Nick turned 30 on February 23.  Unfortunately the other three of us were sick so we didn’t celebrate until last night, a week later.  We really just took the cake out of the freezer and he blew out his candles.  Poor guy.  I got him the new Imagine Dragons CD and told him he can buy himself the rest of his birthday presents since he wants very specific golf-related items.  Nick has been a champ at dealing with a lot of changes at work and man does he work hard.  He is one of the top sales reps on the floor and I’m just so dang proud of him for being a hard worker and not complaining about the demands of supporting a family.  It’s a big load to bear but he is such a great provider.  We are so lucky to have him.  Nixon has really been warming up to him more and more lately and likes to watch him drive away to work in his truck.  Nixon lights up when Nick gets home from work. Nothing makes me happier than seeing Nick be a good dad with the kids.  Seeing him chase and tickle them or read to them and help them get ready for bed makes everything OK in my world and I feel so much joy.  Nick took me to a BYU basketball game the other night and it was really fun.  I love my dates with that guy, even if they typically end up at the car dealership by the end of the evening. I wonder where Nixon gets his car obsession.

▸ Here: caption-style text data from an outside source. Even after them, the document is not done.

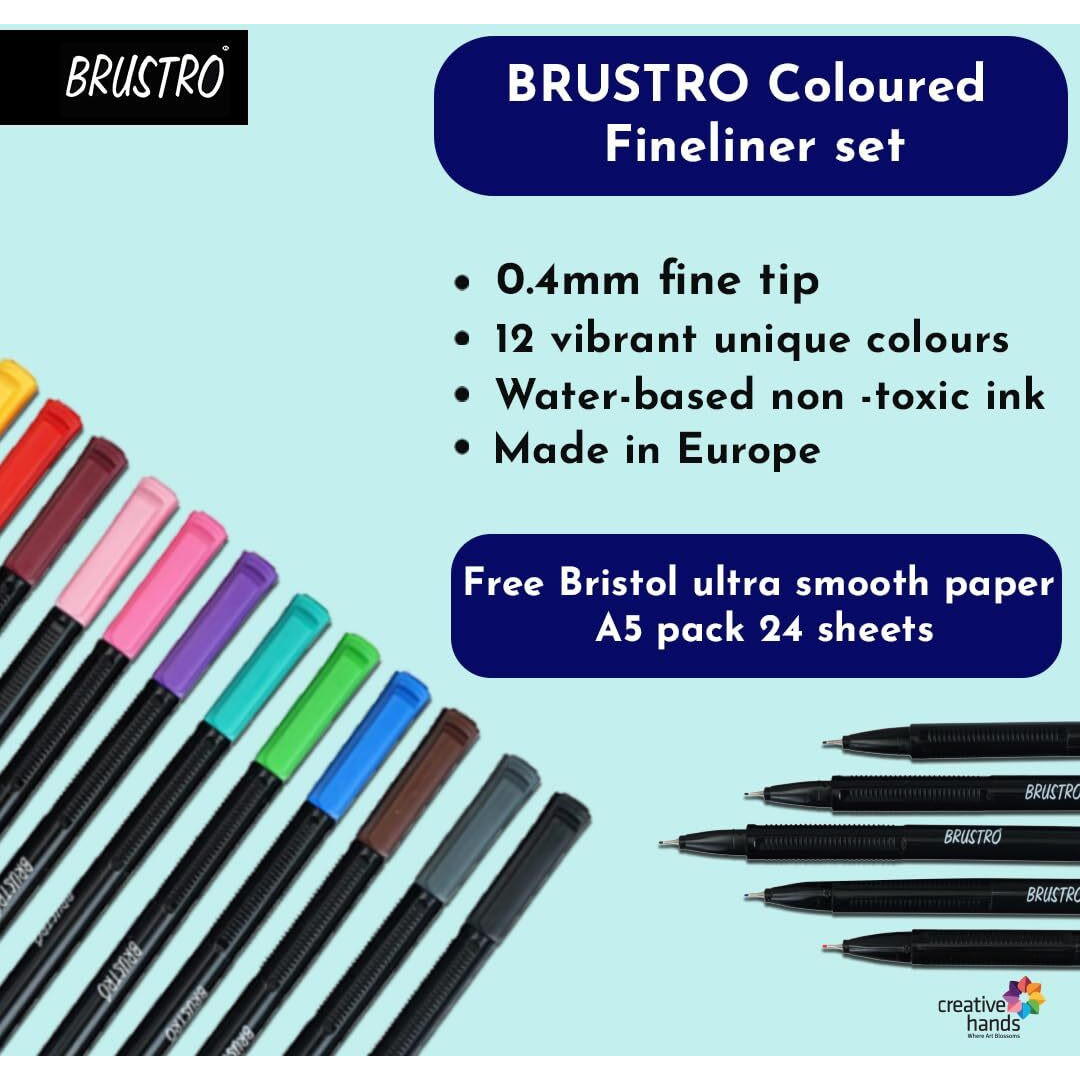 Brustro Coloured Fineliner Set Of 12, 0.4Mm. Ideal For Writing, Drawing, Doodles, Mandala Etc.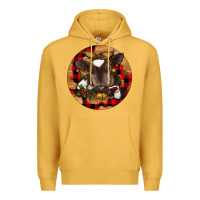 Mustard Christmas Baby Cow Premium Hoodie - RanaPortraitStore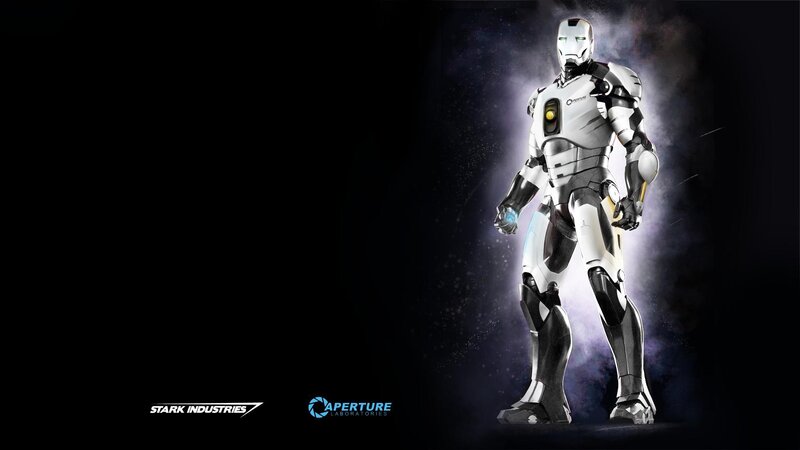 Iron Man suit with Aperture logo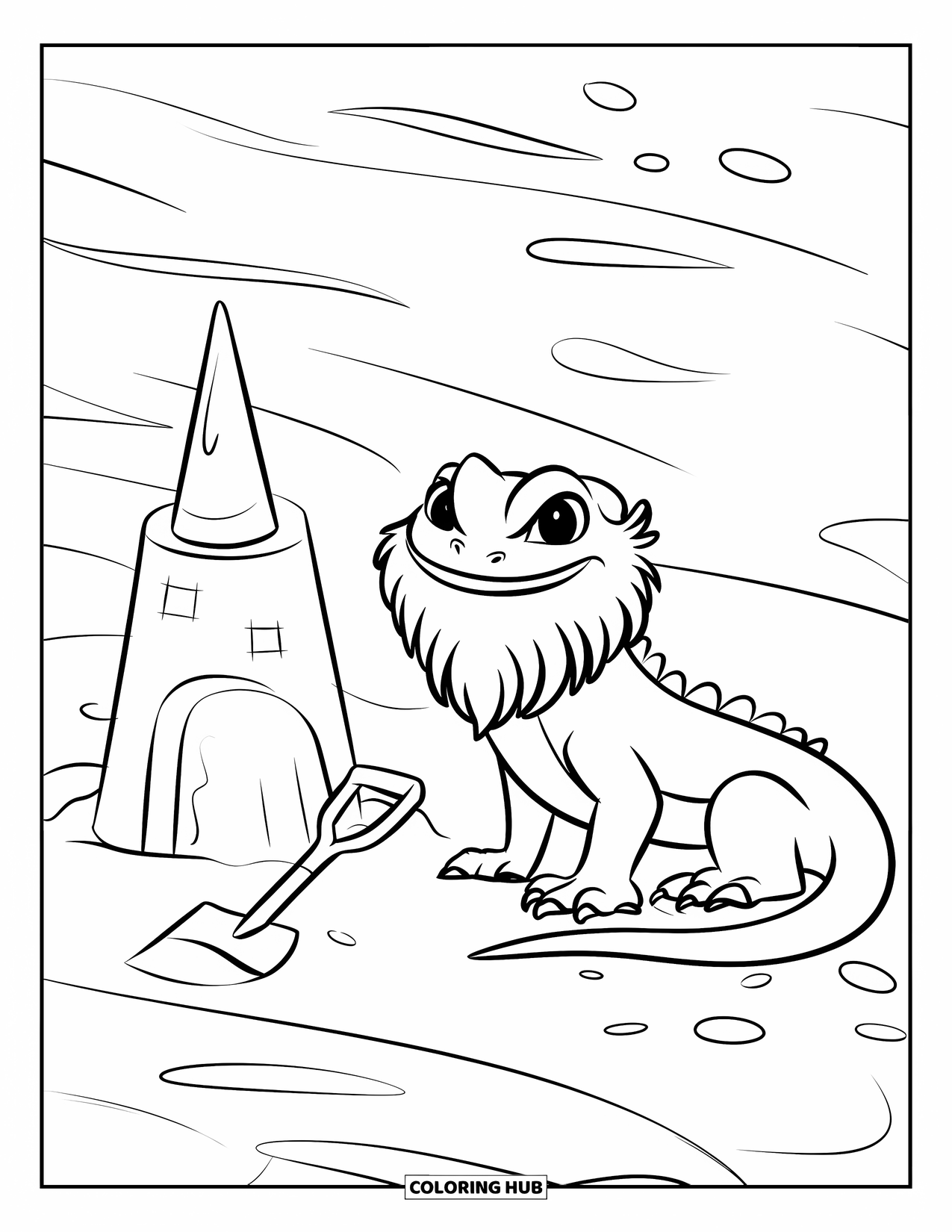 Bearded Dragon Coloring Page for Kids: A dragon sits beside a sandcastle with a toy shovel on the beach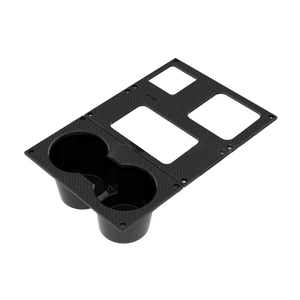 Front view of matte black aluminium centre console cup holder for INEOS Grenadier 2023+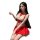 Woman modeling red and white lace lingerie set with bodycon skirt, styled as a sexy jk uniform outfit.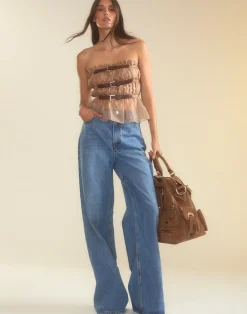 Clearance Cynthia Rowley Buckle Up Silk Organza Top CAMEL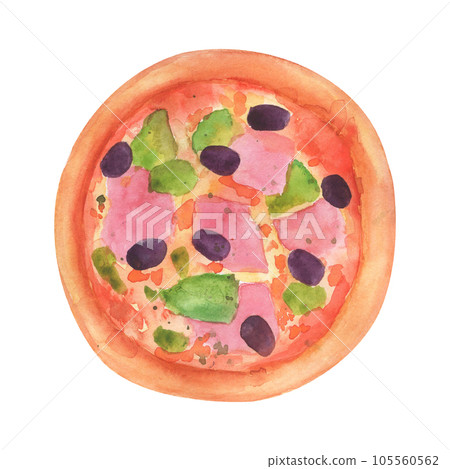 Pizza. Watercolor hand painted illustration isolated on white Pizza. Watercolor hand painted illustration isolated on white 105560562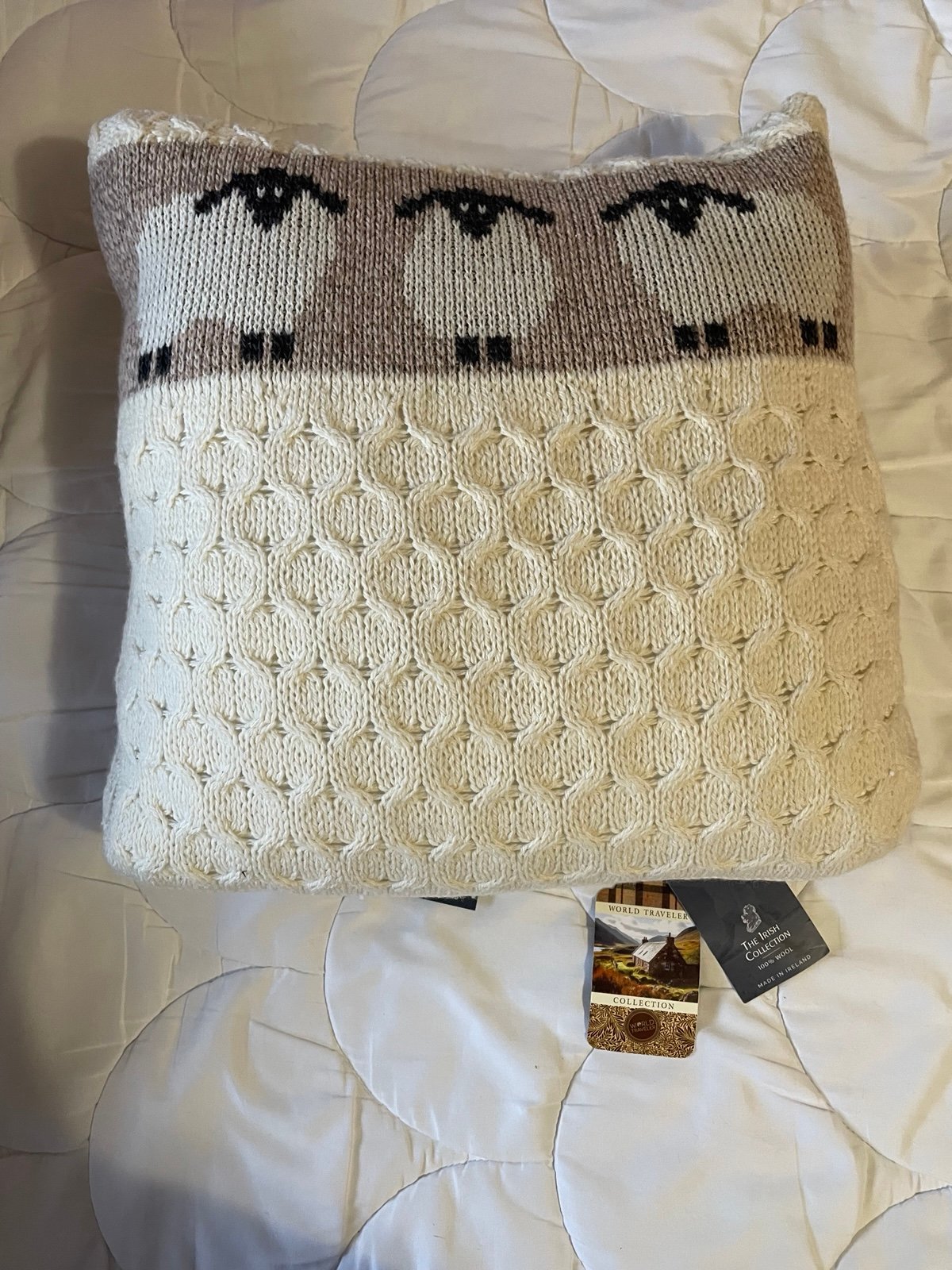 New Aran Woollen Mills Sheep Throw Pillow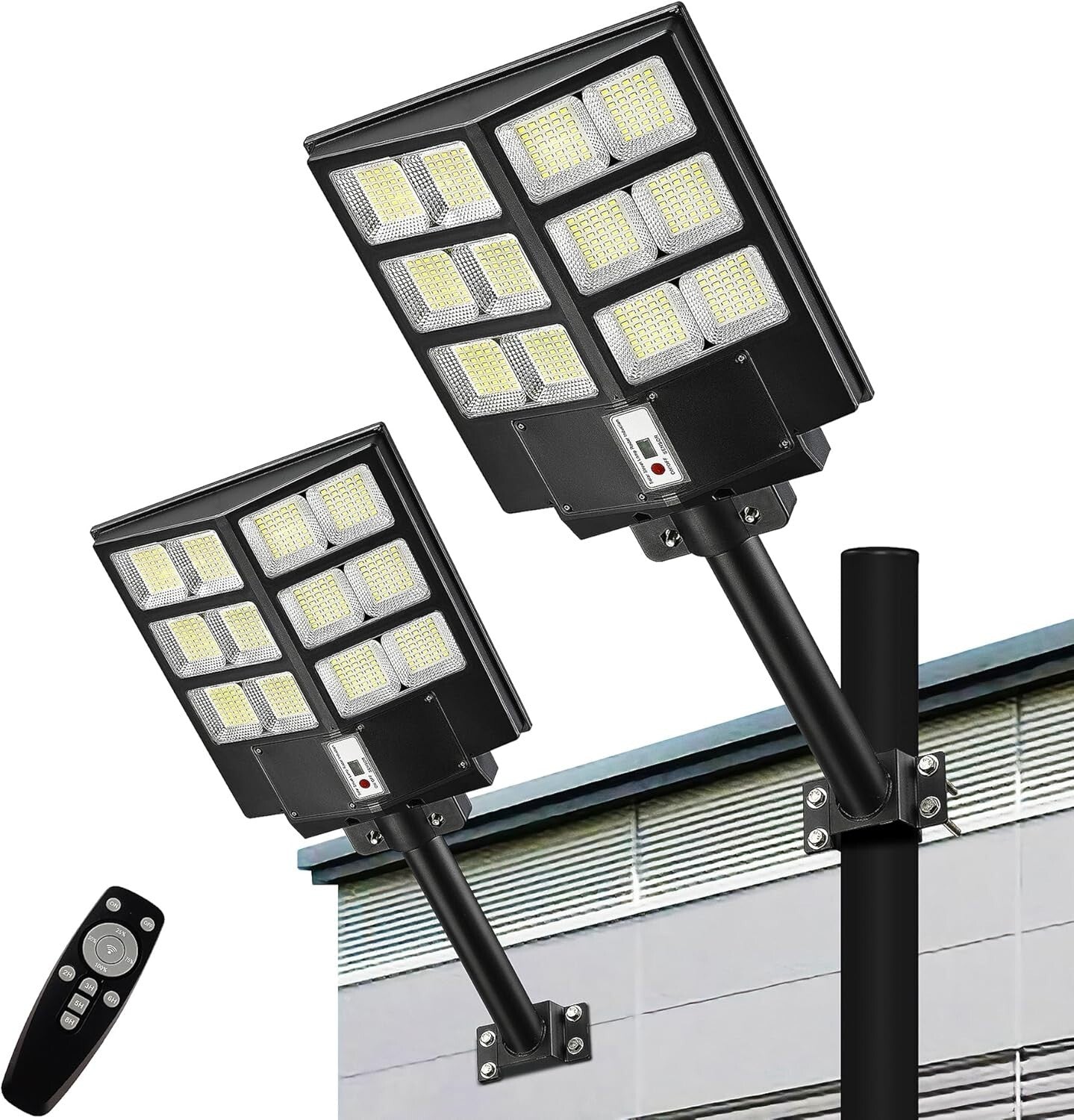 IP67 Waterproof 3200W Solar Security Lights - 2-Pack Motion Sensor Flood Lights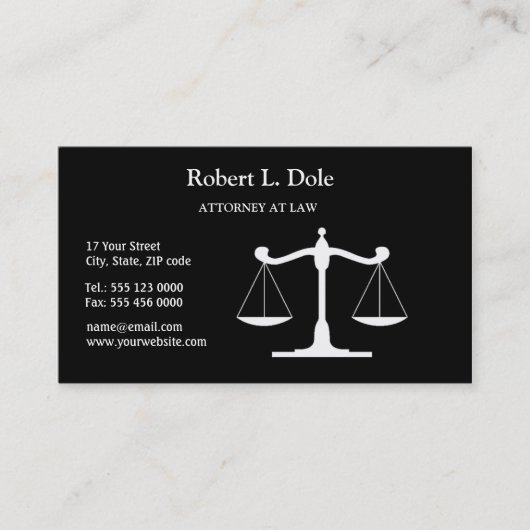 Law BusinessCard Black Visitekaartje (Voorkant)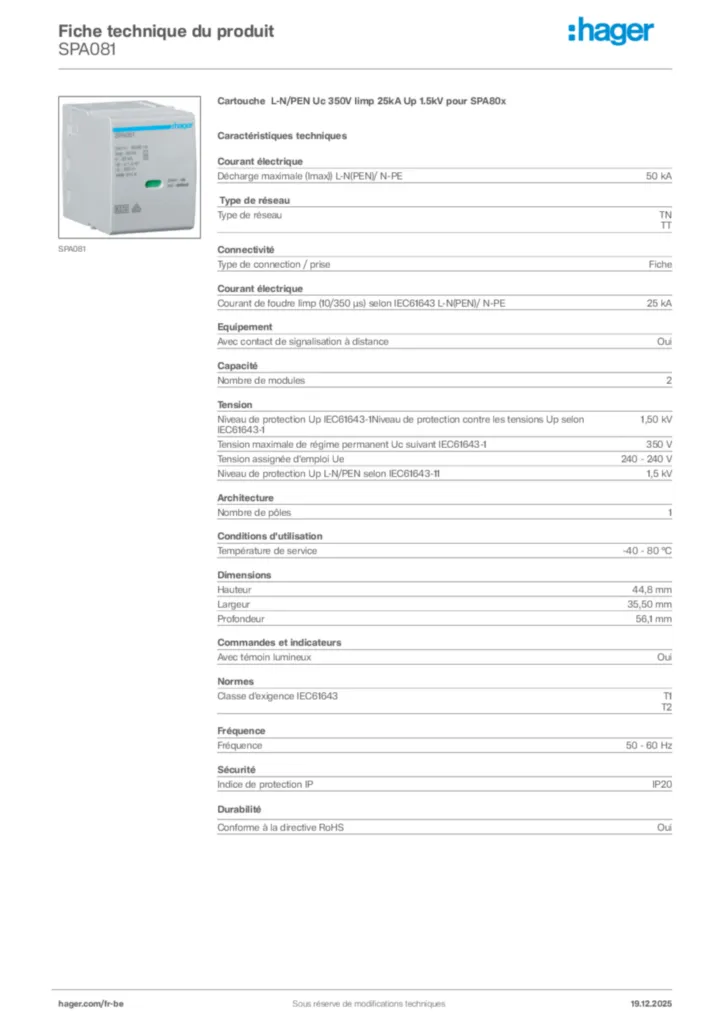 Image Hager Fiche technique du produit SPA081 | Hager Belgique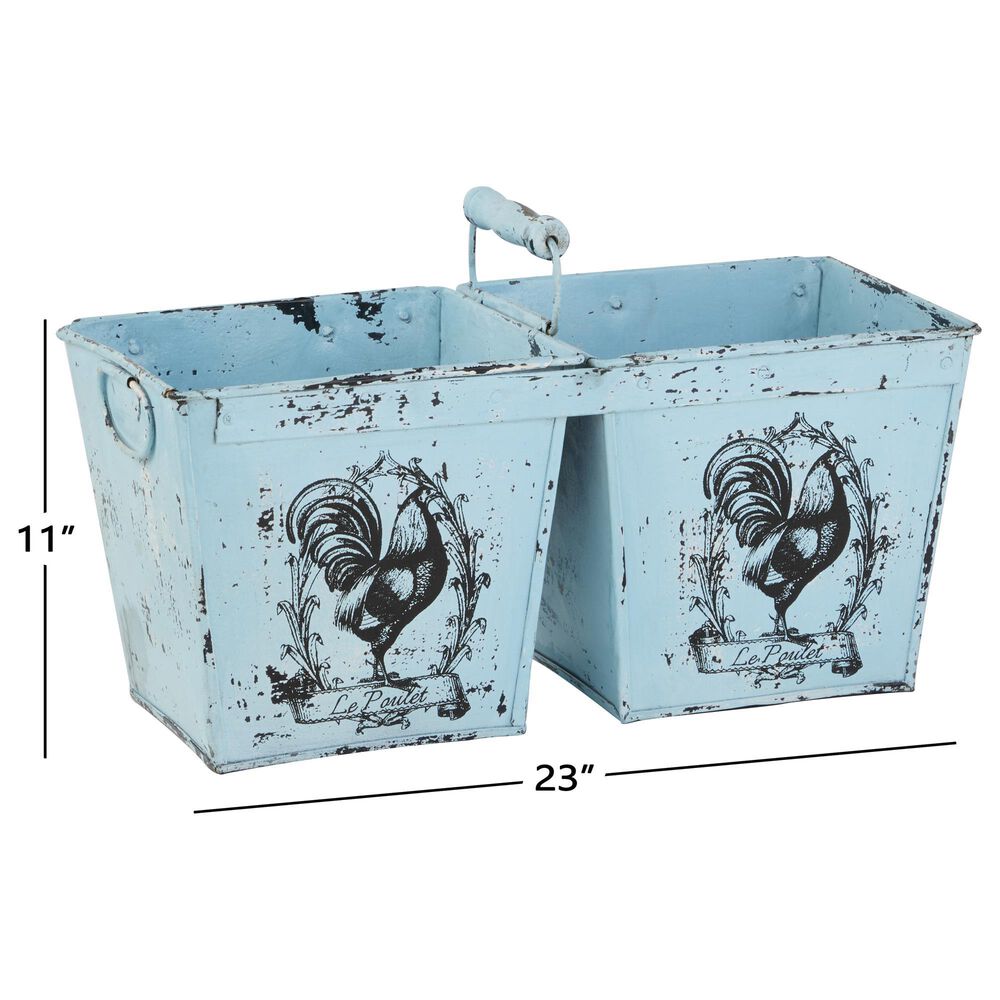 Maple and Jade 11&quot; Vintage Metal Planter in Light Blue, , large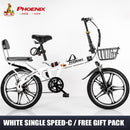 Phoenix Foldable Bicycle 7 Speed Variable Speed Foldable Bike High Carbon Steel Double Disc Brake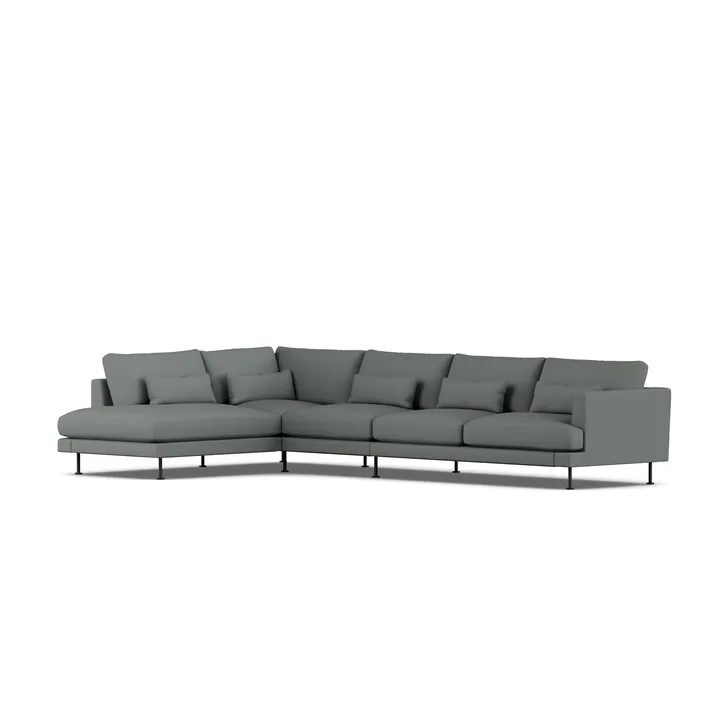 Bredhult sofa - Caleido Grey 1240-black steel, 4-seater B2 - 1898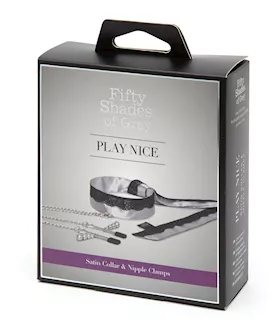Fifty Shades Of Grey Play Nice Satin & Lace Collar & Nipple Clamps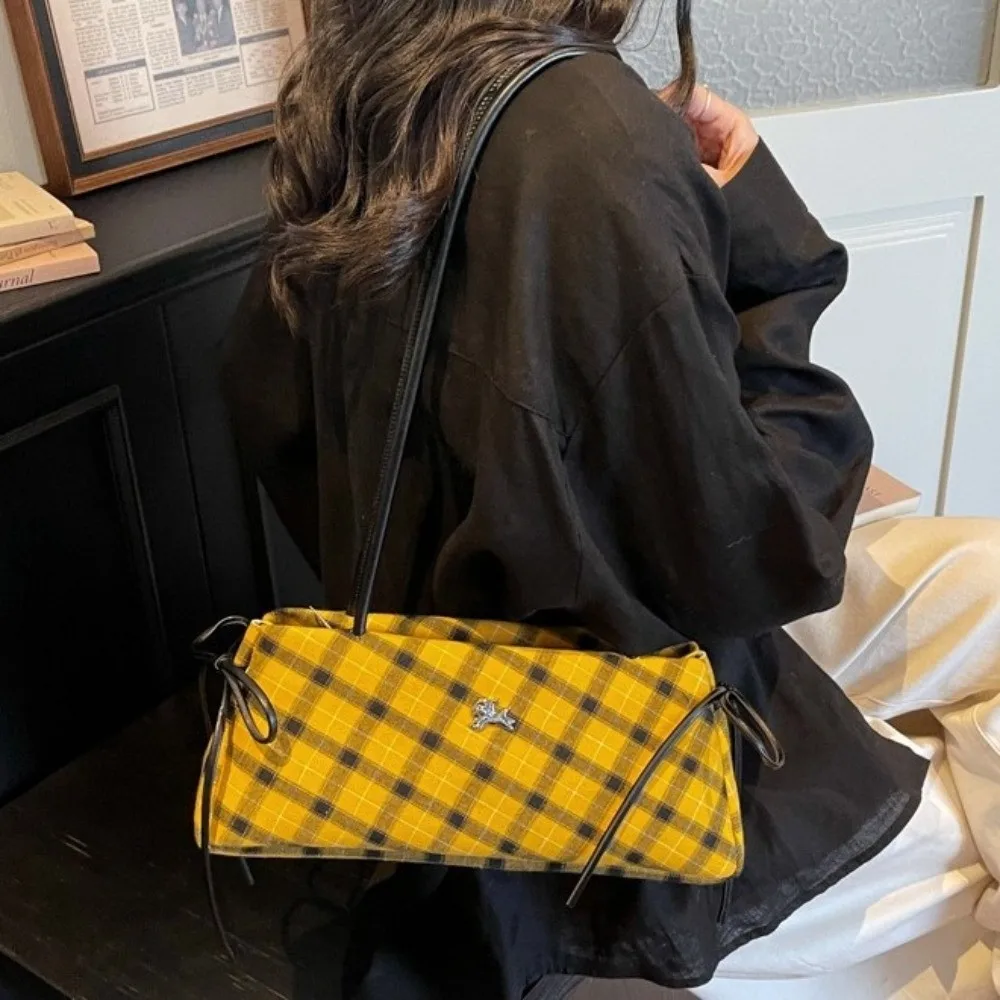

Retro Striped Plaid Shoulder Bags Simple Style Large Capacity Zipper Bow Handbags Durable Versatile Long Strap Underarm Bag Work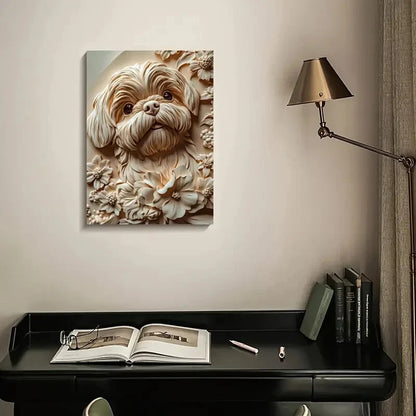 Shih Tzu Dog Surrounded by Heart Painting  40x60cm Metal Print Ready to Hang - Bella Home Decor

I crocheted a blanket for my sweet friend Rachel who lives down the street.  She just had her baby boy five weeks early and just two days after her baby shower, so I finished that sucker just in time!  I forgot to take a picture of it.  Oh well. It’s fun to be creative and learn how to do new things.  I really want to deck out a doll house for Ava but I can’t convince Nick to build me one yet.  I’m writing weekly posts for Instafluence, which I like doing. Other than that, I’m struggling a bit with motherhood but I know I just need to take a little more time for myself so I can have the energy to give my kids and husband what they need. I can’t seem to keep up with the house and the organizing projects are never-ending and overwhelming. Typically I open a closet to organize, and I take one look at it and go, nope, and close the door before I start having a panic attack. It’s hard to be a good mom when you don’t feel good, and I haven’t felt great health-wise lately but hopefully I’ll start feeling better soon. I need to shower, wear cute clothes instead of pajamas, exercise, and get out and do things I like from time to time.  Sometimes just going to the grocery store by myself is a nice little vacation.  I want to start reading again, too.  I have a nice stack of unfinished books I need to get back to.  I’m still not hating my haircut that Cailie gave me in October!  It’s so much more manageable at it has already grown a lot!  It’s fun to do it kind of wavy and it’s still long enough for a top knot.

We’re so excited for spring to come so we can start working on our landscaping!  Nick has wanted to build a fire pit for so long and I’m looking forward to a sand box for the kids.  We may even do a putting green along the side of the house in the back yard.  The other day at the golf store Ava was loving hitting balls around with a pink putter so I think it will be a smashing success!

I’m so grateful for the good people in out neighborhood.  They have been such great examples to me and their willingness to serve is remarkable.  I’ve learned a lot from my sweet neighbors and I’m so grateful for the gospel and how Christ has taught us to serve so selflessly and tirelessly. I’m so lucky to have so many great examples in my life, especially in Nick, who never stops serving and doesn’t complain about all the hard work he does for us.